Depending on the specific model for each part and restrictions on \(\mu_{a,t}\) and \(\mu_{b,t}\), we might have different types of iETS models. In order to distinguish one model from another, we introduce the notation of iETS models of the form “iETS(demand sizes model)\(_\text{type of occurrence}\)(model A type)(model B type).” For example, in the iETS(M,N,N)\(_G\)(A,N,N)(M,M,N) the first brackets say that ETS(M,N,N) was applied to the demand sizes, the underscore letter points out that this is the “general probability” model, which has ETS(A,N,N) for the model A and ETS(M,M,N) for the model B. If only one variable is needed (either \(a_t\) or \(b_t\)), then the redundant brackets are dropped, and the notation is simplified, for example, to: iETS(M,N,N)\(_O\)(M,N,N). If the same type of model is used for both demand sizes and demand occurrence, then the second brackets can be dropped as well, simplifying this further to: iETS(M,N,N)\(_O\) (odds ratio model with ETS(M,N,N) for all parts). All these models are implemented in adam() function for smooth package in R.

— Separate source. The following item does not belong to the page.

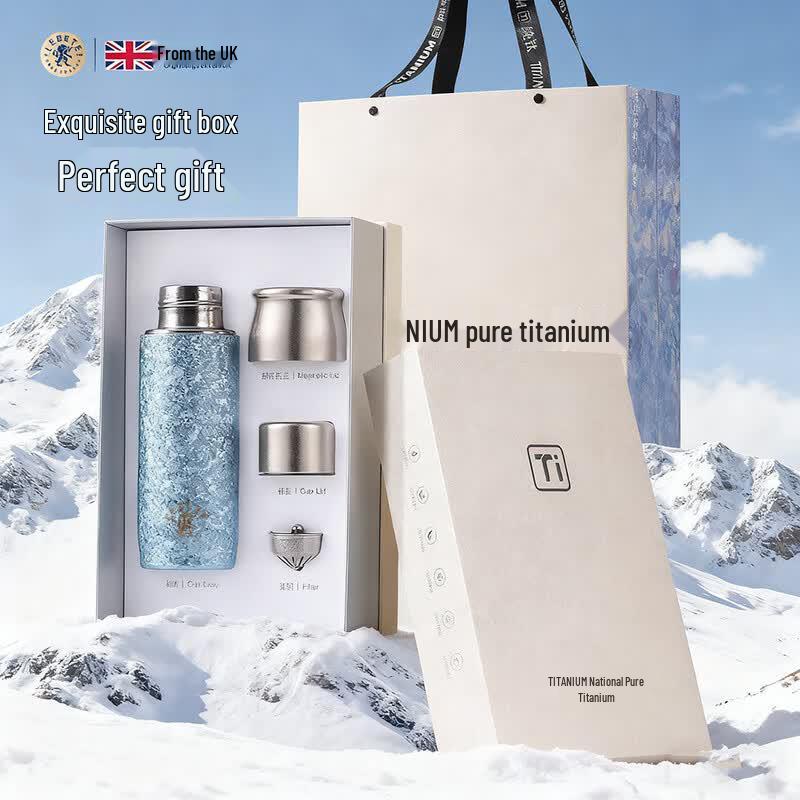Libayde Pure Titanium Insulated Bottle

Similar notations and principles can be used for models based on ARIMA. Note that oARIMA is not yet implemented, but in theory a model like iARIMA(0,1,1)\(_O\)(0,1,1) could be constructed in ADAM framework.

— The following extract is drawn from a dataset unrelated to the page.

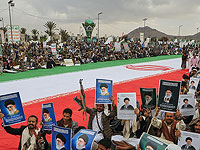 Хуситы выразили готовность присоединиться к перемирию между Ираном и США Хуситы выразили готовность присоединиться к перемирию между Ираном и США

14.3.1 Maximum Likelihood Estimation

While there are different ways of estimating the parameters of ADAM model (14.25), it is worth focusing on likelihood estimation. The log-likelihood of the model should consist of several parts:

The PDF of demand sizes part of the model, when demand occurs;
The probability of occurrence;
The probability of inoccurrence.

When demand occurs the likelihood is: \[\begin{equation} \mathcal{L}(\boldsymbol{\theta}, \lambda_\epsilon | y_t, o_t=1) = p_t f_z(z_t | \mathbf{v}_{z,t-\mathbf{l}}) , \tag{14.26} \end{equation}\] while in the opposite case it is: \[\begin{equation} \mathcal{L}(\boldsymbol{\theta}, \lambda_\epsilon | y_t, o_t=0) = (1-p_t) f_z(z_t | \mathbf{v}_{z,t-\mathbf{l}}). \tag{14.27} \end{equation}\] Based on the equations (14.26) and (14.27), we can summarise the likelihood for the whole sample of \(T\) observations: \[\begin{equation} \mathcal{L}(\boldsymbol{\theta}, \lambda_\epsilon | \textbf{Y}) = \prod_{o_t=1} p_t \prod_{o_t=0} (1-p_t) \prod_{t=1}^T f_z(z_t | \mathbf{v}_{z,t-\mathbf{l}}) , \tag{14.28} \end{equation}\] or in logarithms: \[\begin{equation} \ell(\boldsymbol{\theta}, \lambda_\epsilon | \textbf{Y}) = \sum_{t=1}^T f_z(z_t | \mathbf{v}_{z,t-\mathbf{l}}) + \sum_{o_t=1} \log(p_t) + \sum_{o_t=0} \log(1-p_t), \tag{14.29} \end{equation}\] where \(f_z(z_t | \mathbf{v}_{z,t-\mathbf{l}})\) can be substituted by a likelihood of the assumed distribution from the list of candidates in Section 12.1 (substituting \(T\) in formulae in Tables 12.1 and 12.2 by \(T_1\)). The main issue in calculating the likelihood (14.29) is that the demand sizes are not observable when \(o_t=0\). This means that we cannot calculate the likelihood using the conventional approach, we need to use something else. Svetunkov and Boylan (2019) proposed using Expectation Maximisation (EM) algorithm for this purpose, which is typically done in the following stages:

Take Expectation of the likelihood;
Maximise it with the obtained parameters;
Go to (1) with the new set of parameters if the likelihood has not converged to maximum.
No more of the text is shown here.